== The task ==
Transcribe the entries below word for word, beginning at the line with "CUSTOM T-Shirt LADIES" and stopping after the line with "Ngàm Kìm răng"; drop all pictures.

== Data extract ==
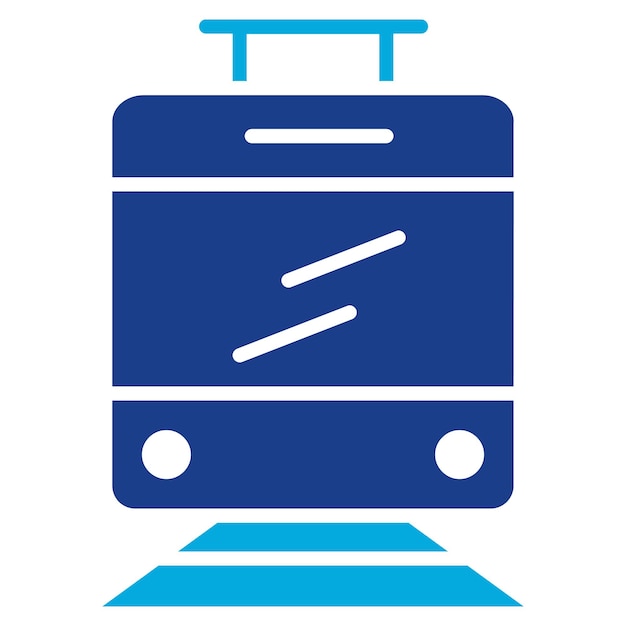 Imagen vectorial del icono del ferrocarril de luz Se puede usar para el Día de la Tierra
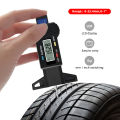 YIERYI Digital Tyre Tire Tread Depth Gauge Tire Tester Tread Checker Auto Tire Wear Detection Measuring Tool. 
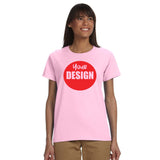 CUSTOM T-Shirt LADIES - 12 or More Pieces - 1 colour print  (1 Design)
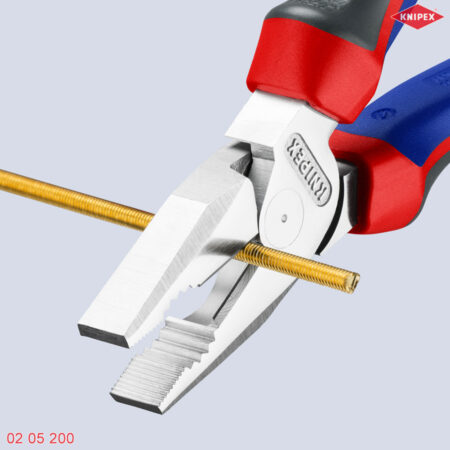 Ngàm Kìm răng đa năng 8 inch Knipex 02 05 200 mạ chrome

==

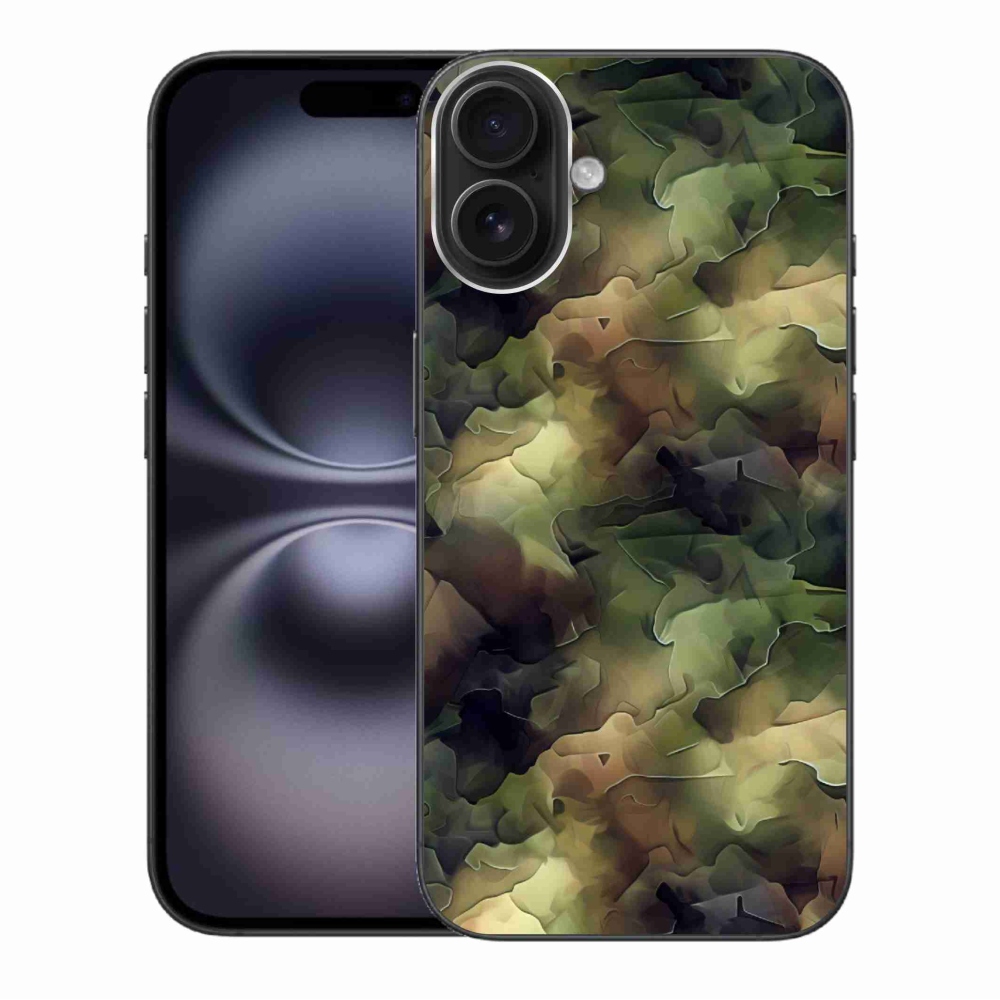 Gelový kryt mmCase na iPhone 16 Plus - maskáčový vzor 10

== Response box ==
 CUSTOM T-Shirt LADIES - 12 or More Pieces - 1 colour print  (1 Design)
 Ngàm Kìm răng đa năng 8 inch Knipex 02 05 200 mạ chrome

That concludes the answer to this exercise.